Il giudizio in esame ha ad oggetto la domanda dei dipendenti volta ad ottenere il risarcimento del danno per l’illegittima reiterazione di contratti a tempo determinato. La Corte ha escluso la sussistenza di un danno per la legittimità dei contratti a termine, in quanto ha ritenuto che si trattava di contratti stipulati fino al termine dell’anno scolastico, e che nessuna ulteriore documentazione aveva prodotto la parte interessata nel termine assegnato, al fine di provare che i contratti erano stati stipulati per supplire a vacanze in organico di diritto.
Si tratta di affermazione non adeguatamente e sufficientemente censurata, ove si consideri che l’accertamento della sussistenza di una contestazione ovvero d’una “non contestazione”, rientrando nel quadro dell’interpretazione del contenuto e dell’ampiezza dell’atto della parte, è funzione del giudice di merito, sindacabile in cassazione solo per vizio di motivazione (Cass. 28/10/2019, n. 27490).
In definitiva, il ricorso deve essere rigettato.
La complessità delle questioni giuridiche sottese al ricorso, come attestata anche dai ripetuti interventi della Corte costituzionale e della Corte di Giustizia, giustifica la integrale compensazione delle spese dell’intero processo.

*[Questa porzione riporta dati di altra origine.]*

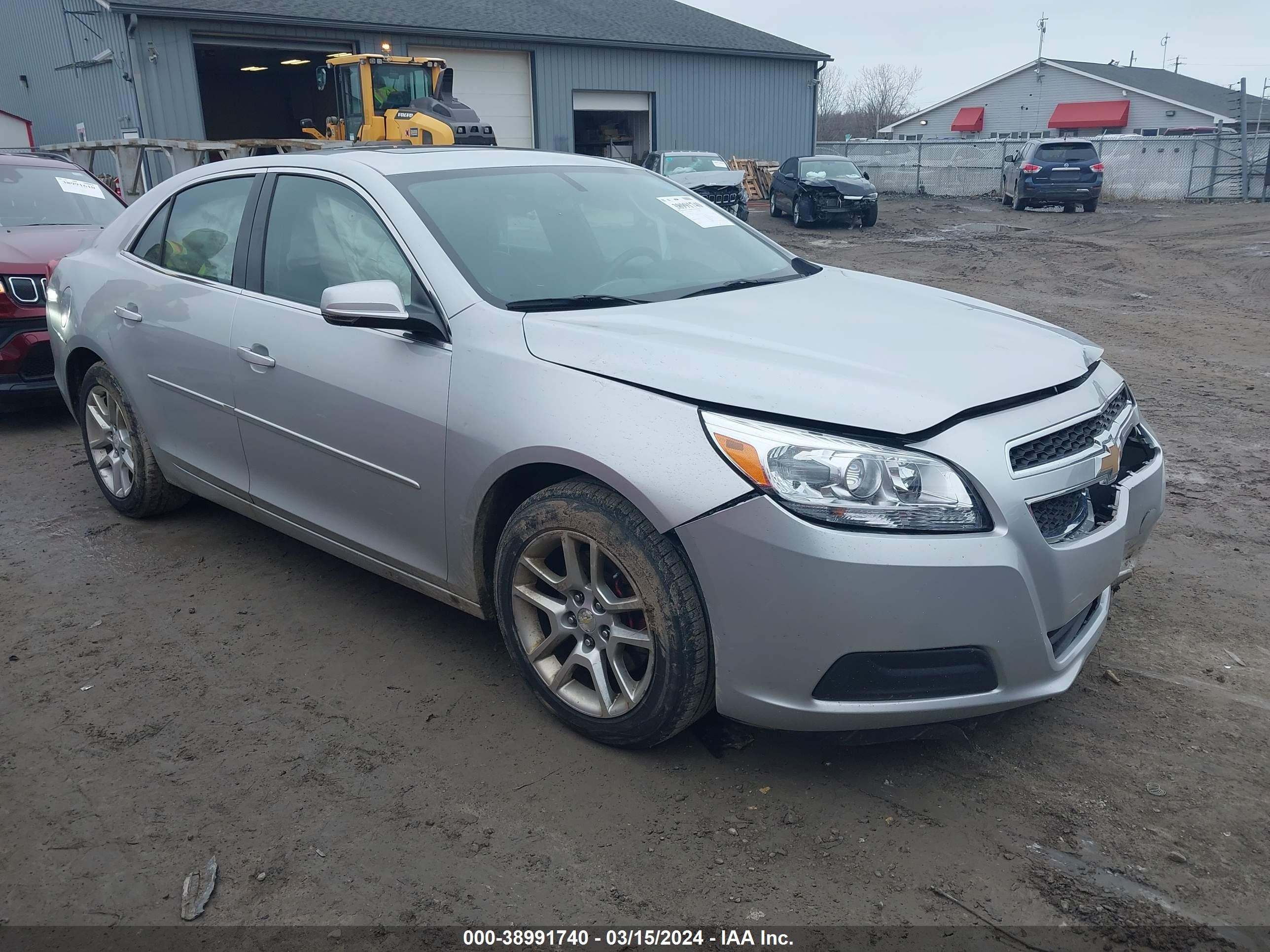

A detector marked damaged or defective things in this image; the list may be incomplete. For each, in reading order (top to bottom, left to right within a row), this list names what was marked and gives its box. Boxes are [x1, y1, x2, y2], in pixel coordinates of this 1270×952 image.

black damaged car [639, 152, 749, 221]
black damaged car [769, 159, 880, 231]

La parte ricorrente è comunque tenuta al versamento dell’ulteriore importo pari al contributo unificato versato.
PQM
La Corte rigetta il ricorso e compensa le spese.
Ai sensi del D.P.R. n. 115 del 2002, art. 13, comma 1 quater, dà atto della sussistenza dei presupposti processuali per il versamento, da parte dei ricorrenti, dell’ulteriore importo a titolo di contributo unificato pari a quello previsto per il ricorso, a norma dello stesso art. 13, comma 1-bis, ove dovuto.
Così deciso in Roma, nella camera di consiglio, il 15 settembre 2021.